2-9 追求

 ひたすらに思考を空白に維持しながら目的地へと歩いた。それはまるで、「海岸まで歩いていく」という脳から伝送される指示に従うだけの機械のような心地だった。

 おそらくそうにでもならなければ、考えうるあらゆる可能性――私にとって良いものも悪いものも――にたった一つだけの心臓が耐えられなかったのだろう。


 潮風の冷たさなど感じない程に、今の私の中には目的の遂行しか存在しなかった。そのまま砂浜の奥の方へ歩を進ませ、岩礁の突き出た浅瀬に出る。

 すると前方に人影が見えた。どうやらかの人物は突っ立ったまま祠の前にある一際大きい岩礁に視線を落としているようだ。

 それを認識してもなお機械のような私は期待に胸を弾ませることも無く、その人影へと接近していく。

 するとその人影はこちらの気配に気がついたのか、俯いていた顔をこちらに向けた。私と視線が交差すると、少年は、さしてこちらに興味無さげにすぐに視線を大きい岩礁へと戻した。

 私は彼の背後へとまわり祠の中を覗いたが、それでも少年は言葉を一言も発さない。そして案の定、窪みの中には新鮮な香りを纏った花束が置かれていた。

 それを置いたと思しき人物は、未だに微動だにせず自分の世界へ入っている。


「ここにはよく来るんですか?」


 気づけば私は、その背中にそう問いかけていた。まずは目的達成の為の第一歩、それだけを考えて、彼の返答を待つ。

 しばらくした後、彼は静かに振り向いて、口を開いた。やはり彼の顔にはそばかすが散っている。


「ここは人が来るような場所じゃないんですよ。今後一切ここへ来ないで貰えますか」


 そう言い放った彼の瞳には、明らかな拒絶の色が浮かんでいた。それでも私は無機質に口を動かした。


「私、ここに来てから不思議なことが立て続けに起こるんです。それと何か関係があるのでしょうか?」


 少年の眉が、驚愕か怒りからかあるいはそのどちらもからか、ぴくりと動いた。そして即座に瞳を鋭くし、強めの語勢で怒りの言葉を言い放つ。

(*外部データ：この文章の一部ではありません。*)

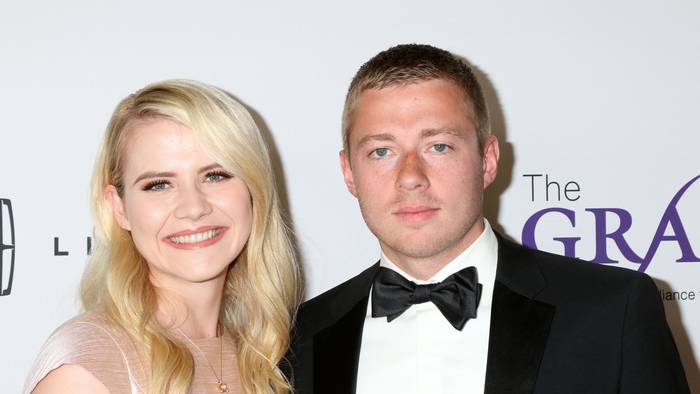 Elizabeth Smart und Matthew Gilmour posieren.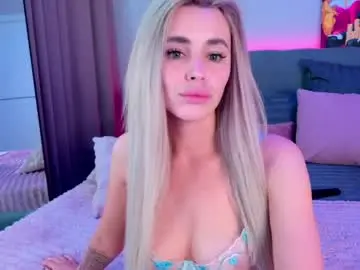 Chaturbate Live Sex Cam of rossy_x_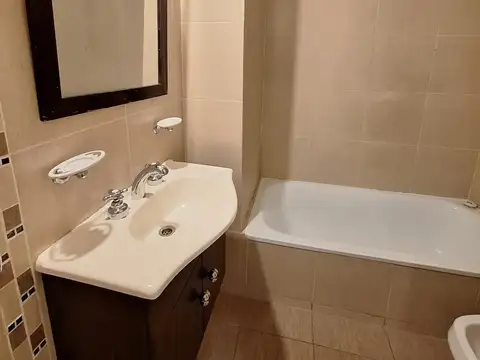 Amplio departamento de 1 dormitorio con patio - Moreno y Catamarca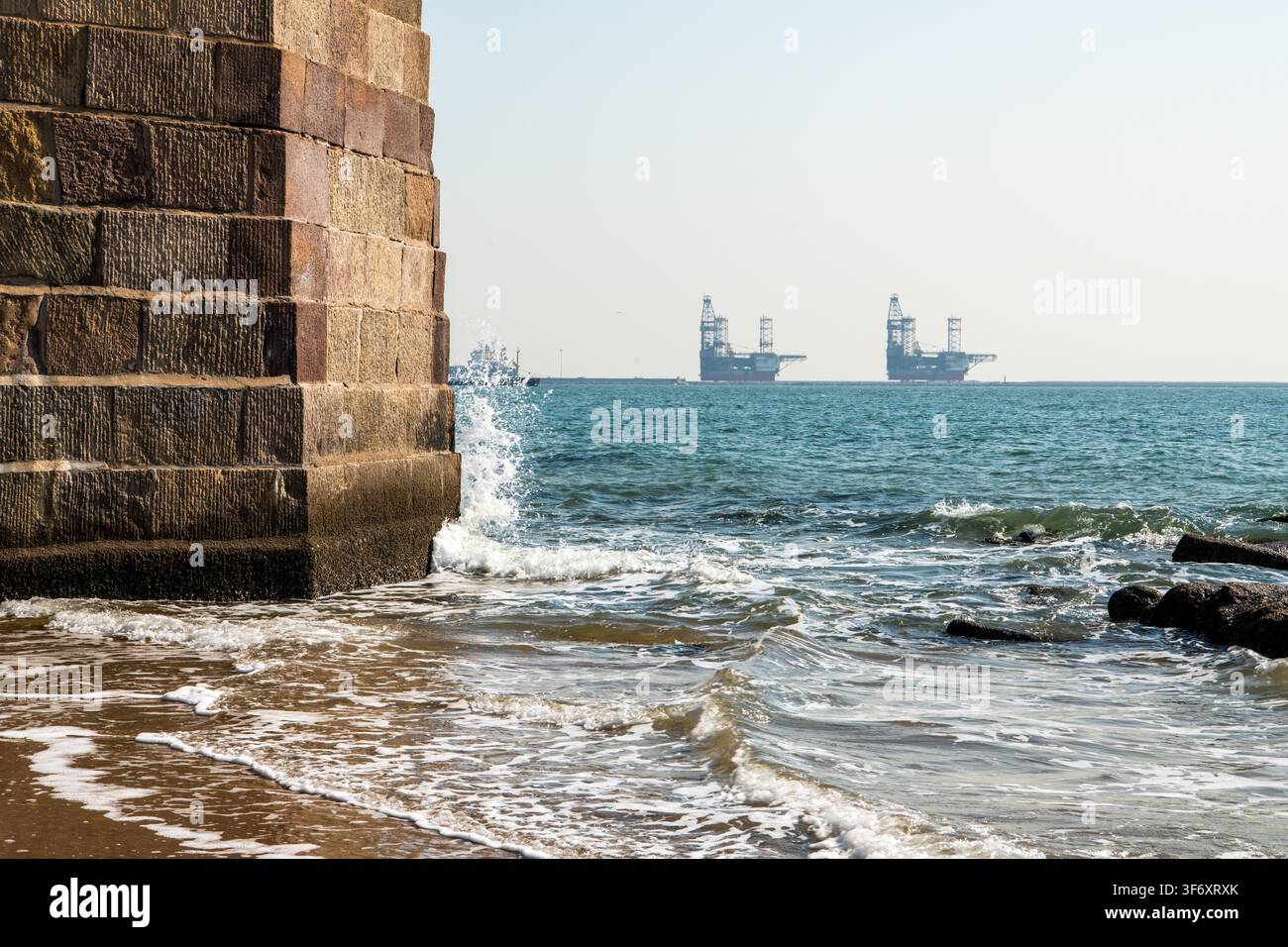 Navi per l'ingegneria marina, gru portuali e infrastrutture costiere sul Mar Bohai viste da Laolongtou a Shanhaiguan, Qinhuangdao, Hebei, Cina Foto Stock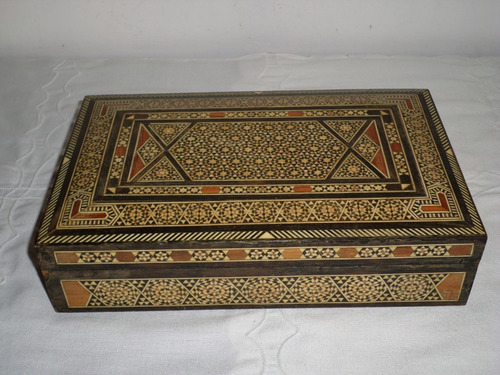 Antigua Caja Alhajero De Marqueterie Con Felpa Roja Interior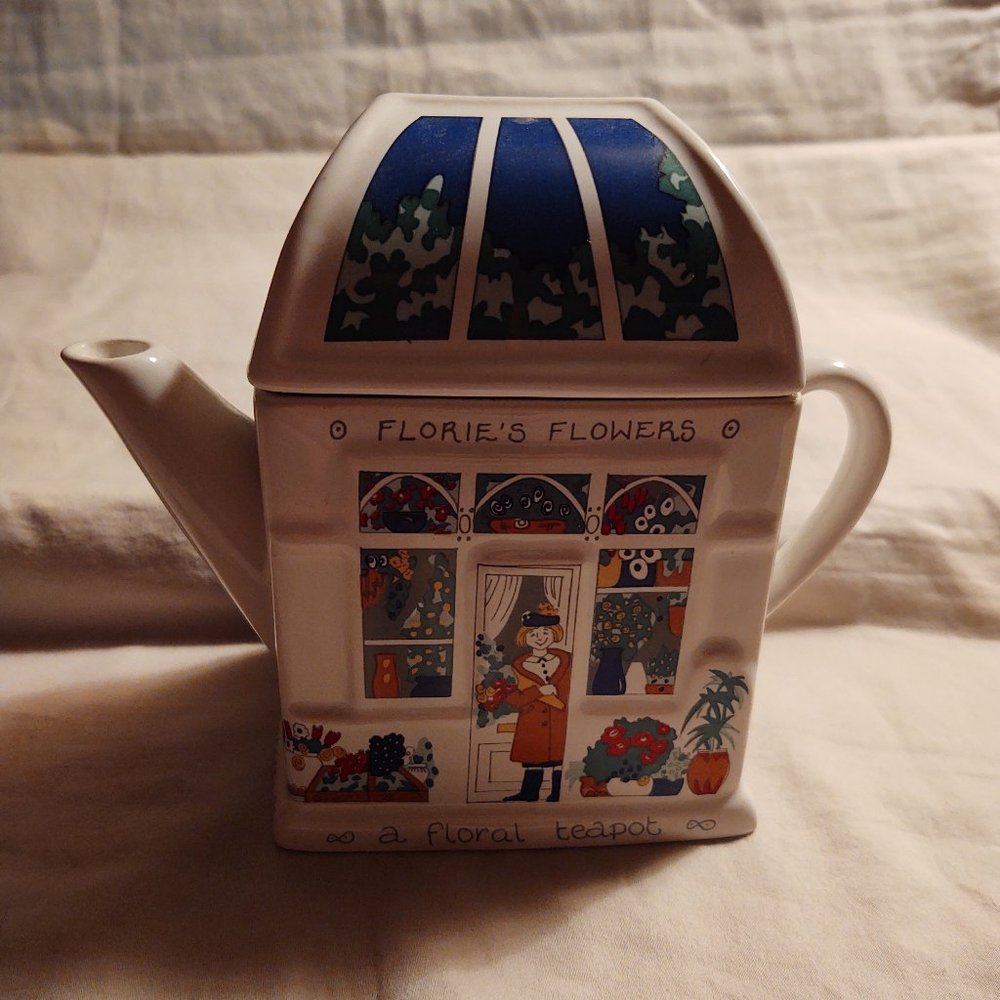 Vintage Wade England Decorative Teapot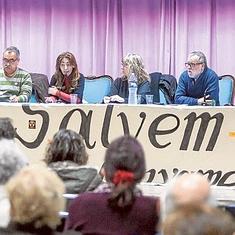 Asamblea de la plataforma Salvem el Cabanyal.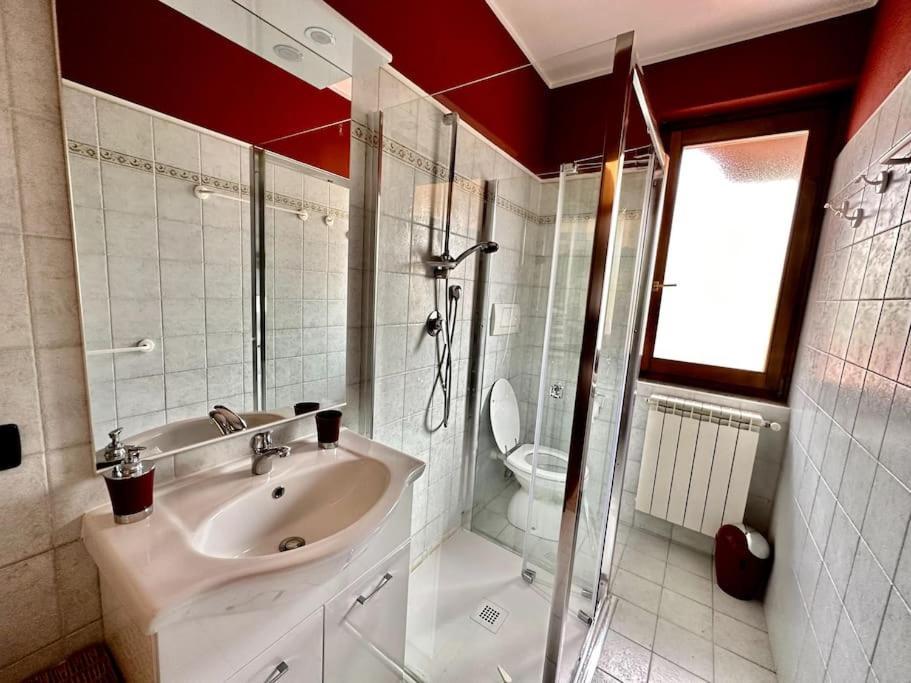 3Br Villetta Con Panoramica Sul Lago Nesso Exteriör bild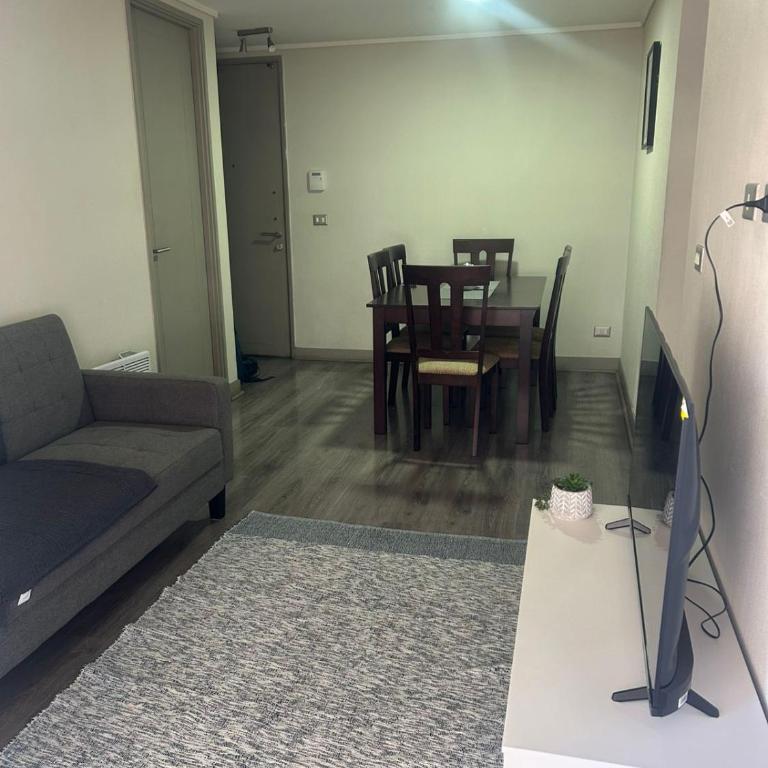 Alojamiento Santiago - Two-Bedroom Apartment - 12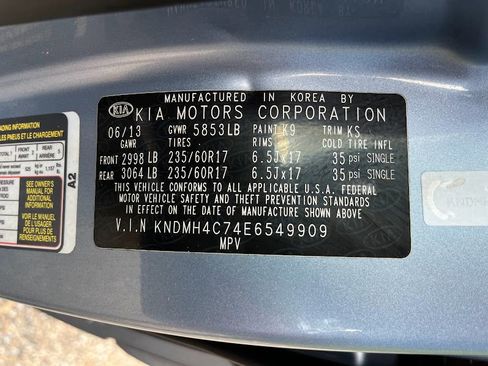 Used 2014 Kia Sedona EX w/ Luxury Package FWD image 7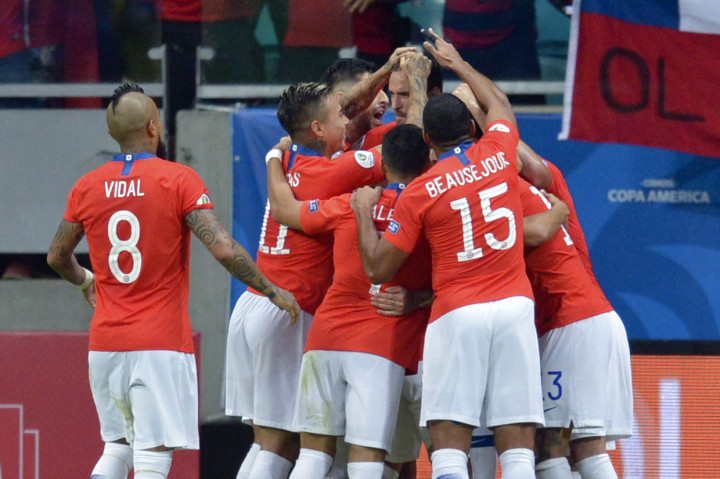 Jose Pedro Fuenzalida melakukan selebrasi bersama rekan-rekan setimnya usai menjebol gawang Alexander Dominguez.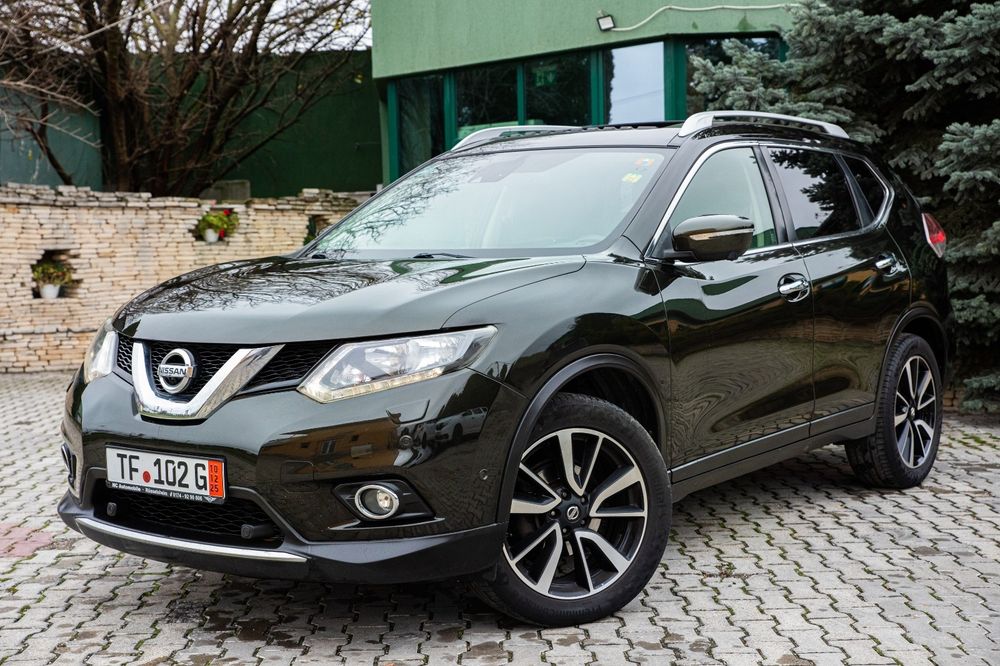 Nissan X-trail Tekna 2016/ 4x4 / Euro 6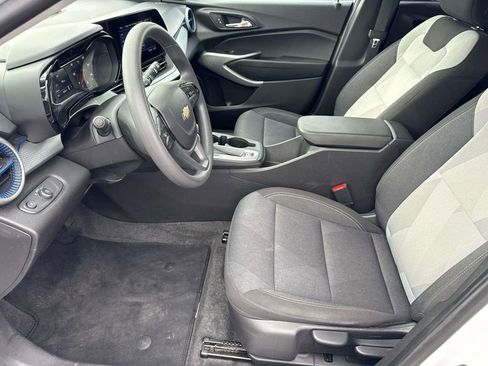 Certified 2025 Chevrolet Trax LS image 11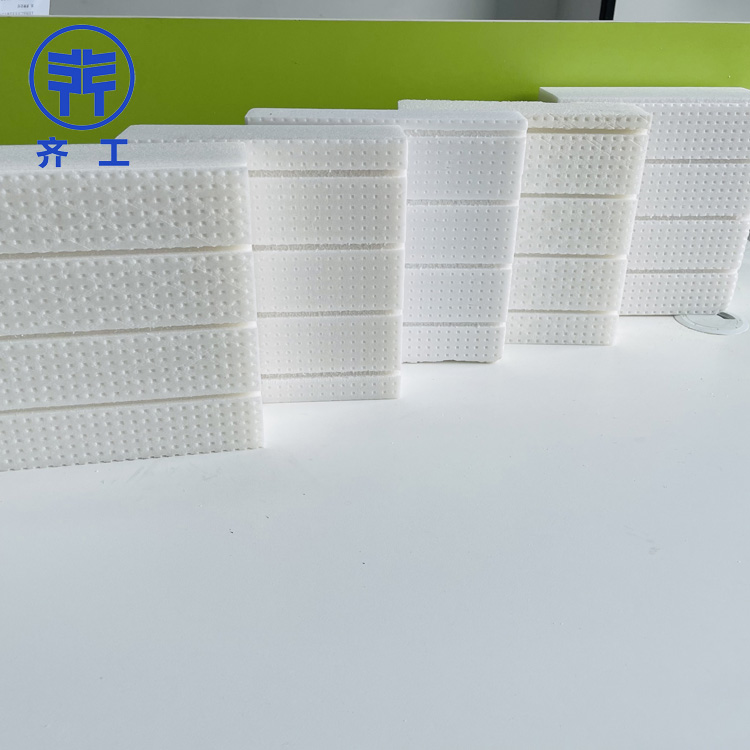 xps擠塑板的優(yōu)點(diǎn)是什么？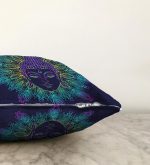 Mandala İçinde Buddha Çizimli Dekoratif Raşel Kadife Kırlent Kılıfı Realhomes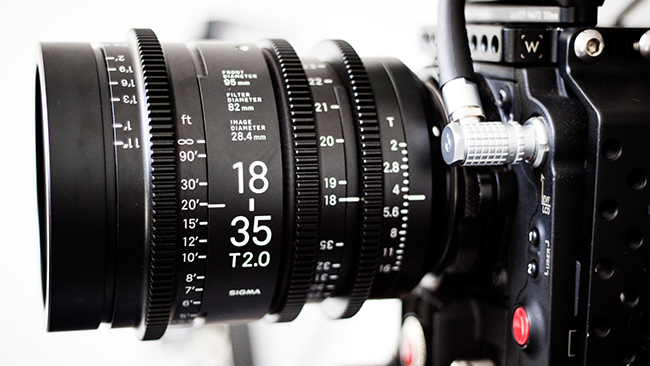 SIGMA 18-35mm 50-100mm T2.0 ハードケー シグマ18-35mm T2.0 と 50-100mm T2.0 シネマレンズをレビュー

「知らない、そんなの。きっとこことは無関係でしょう」


 少年はその場から動く素振りを見せない。おそらく、私を今後ここに来ないよう完全に説き伏せるまで解放しないつもりだろう。ということは、ここは彼にとって相当大きな意味のある場所ということになる。私はいかにも奇妙で堪らないといったふうを装って少年に尋ねる。


「ここである少女と会ってから、その子が頻繁に私の元に現れるようになったんです。しかもその子、どうやら私以外の人には見えないらしくて……。私の体質上、こういった例は過去にもいくつかあるんです」


 その時、それまで不機嫌そうだった少年の表情が初めて真剣なものへと変わった。それを確認してから、続けて私は語る。


「そして再度ここを訪れたら、ここの祠みたいな場所に花束が備えてあって……。そこでやっぱり、と私の直感が的中したのを確信したのです。……失礼を承知で窺います。ここでどなたか亡くなられたのでしょうか?」


 少年は私が語る最中、まるで偶然発見してしまった知らない世界を眺めるような、途方に暮れた瞳で話を聞いていた。

 私の思惑から生じる見え方なのか、それは私に視線をやっているというよりも、それよりもさらに奥にある、彼しか知りえない出来事を振り返っているようにも感じた。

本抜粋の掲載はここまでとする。